DATA UNDER STUDY —

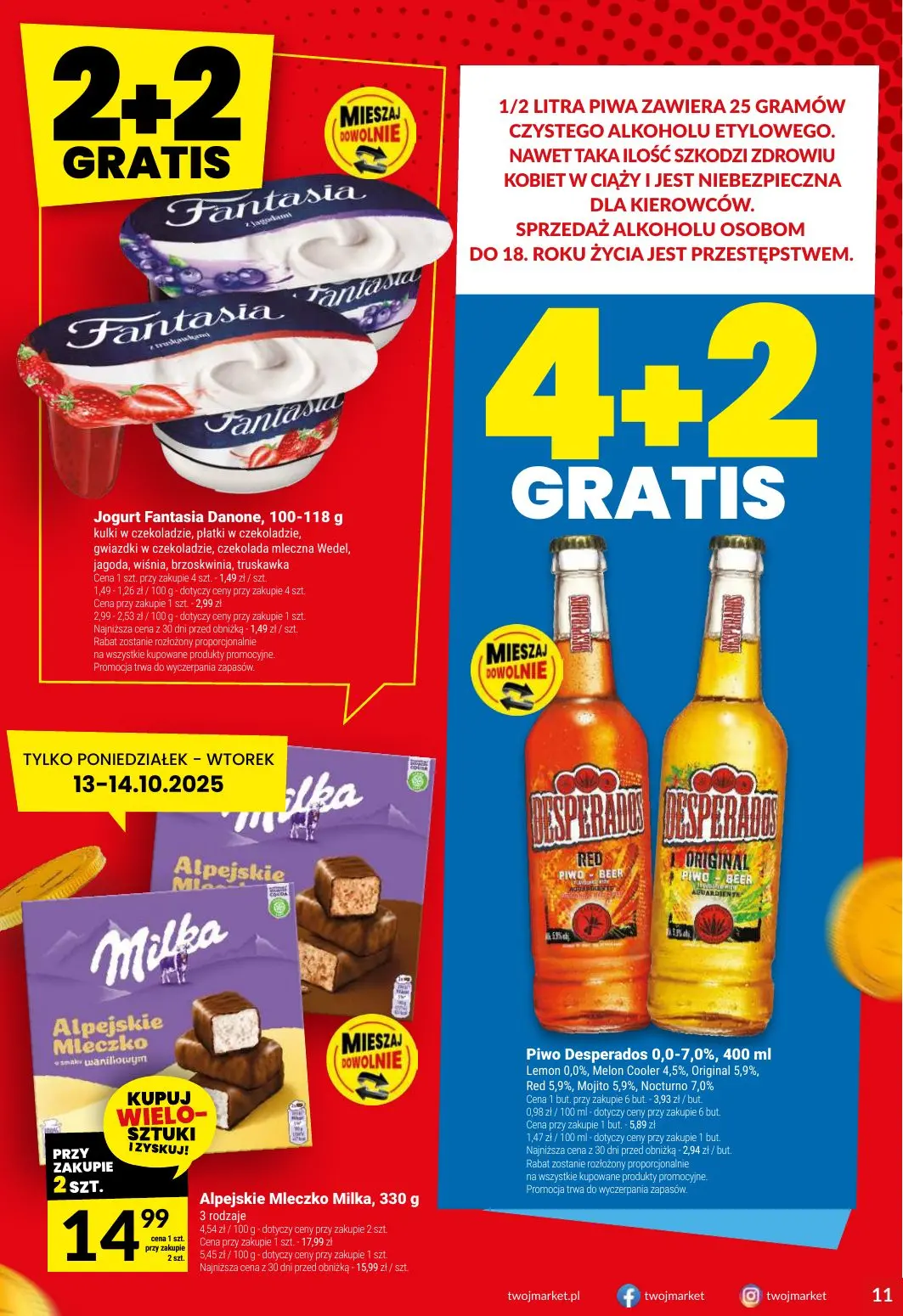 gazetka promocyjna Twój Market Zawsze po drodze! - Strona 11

--

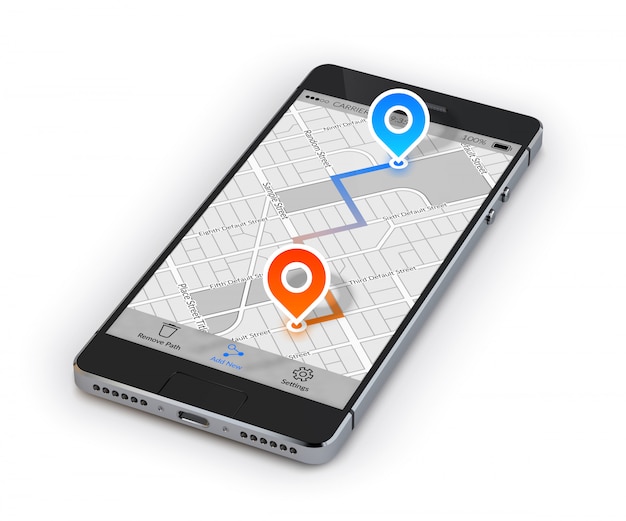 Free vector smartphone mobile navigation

---

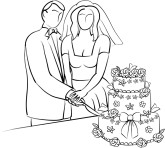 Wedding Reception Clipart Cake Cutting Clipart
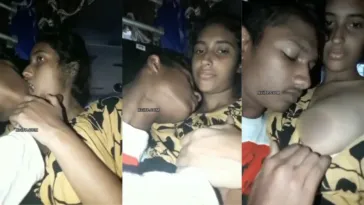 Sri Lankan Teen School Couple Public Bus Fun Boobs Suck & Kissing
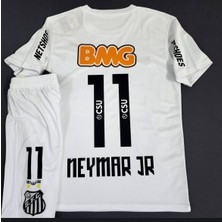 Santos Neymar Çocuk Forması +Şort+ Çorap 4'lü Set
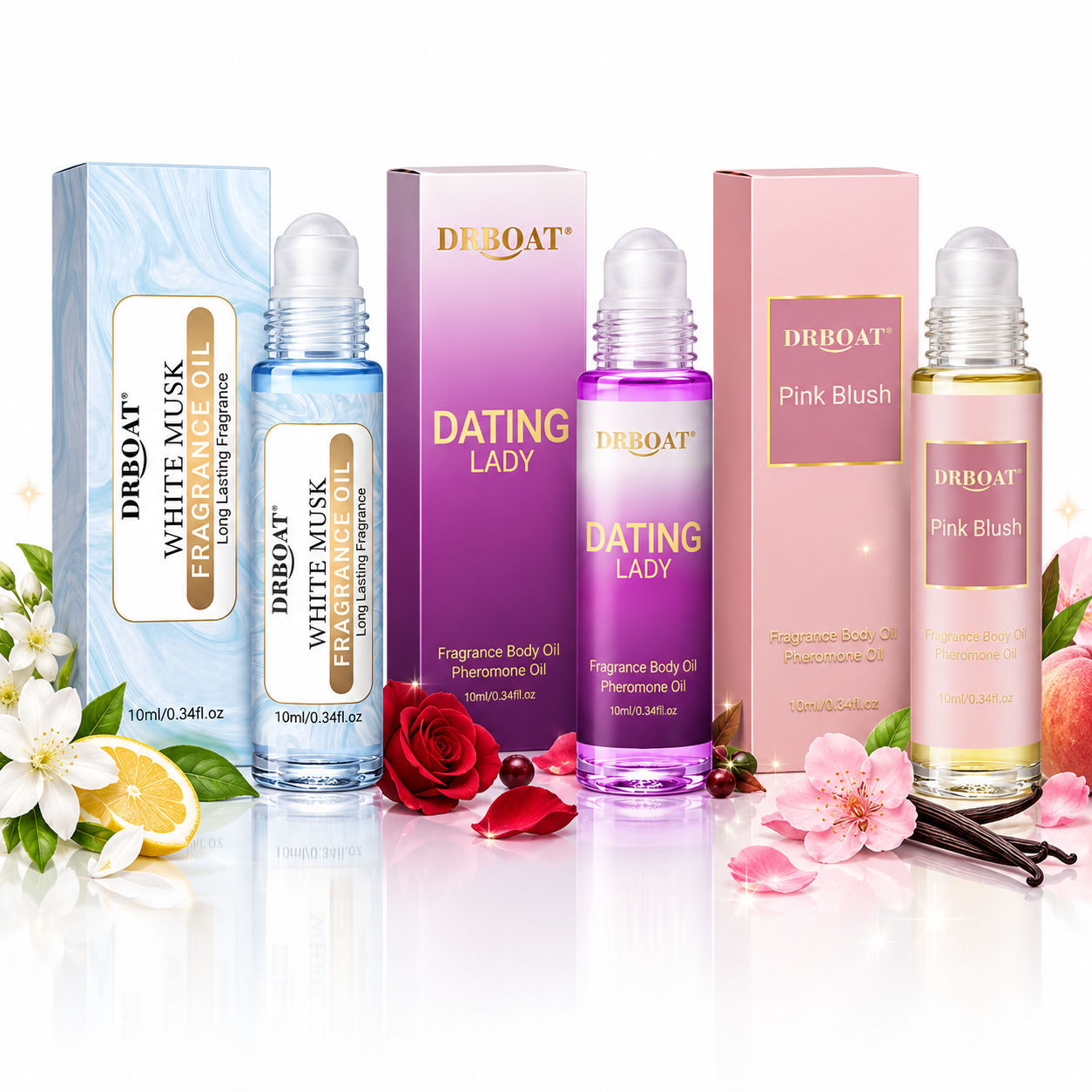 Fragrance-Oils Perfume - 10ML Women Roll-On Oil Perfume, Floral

INSTRUCTIONS TO FOLLOW — Exact copy, no pictures. Write out the lines in the entries above, starting with the line with "Santos Neymar Çocuk" and going on through the line with "Fragrance-Oils Perfume - 10ML", keeping both.

RESULT OF THIS EXERCISE —
 Santos Neymar Çocuk Forması +Şort+ Çorap 4'lü Set
 Fragrance-Oils Perfume - 10ML Women Roll-On Oil Perfume, Floral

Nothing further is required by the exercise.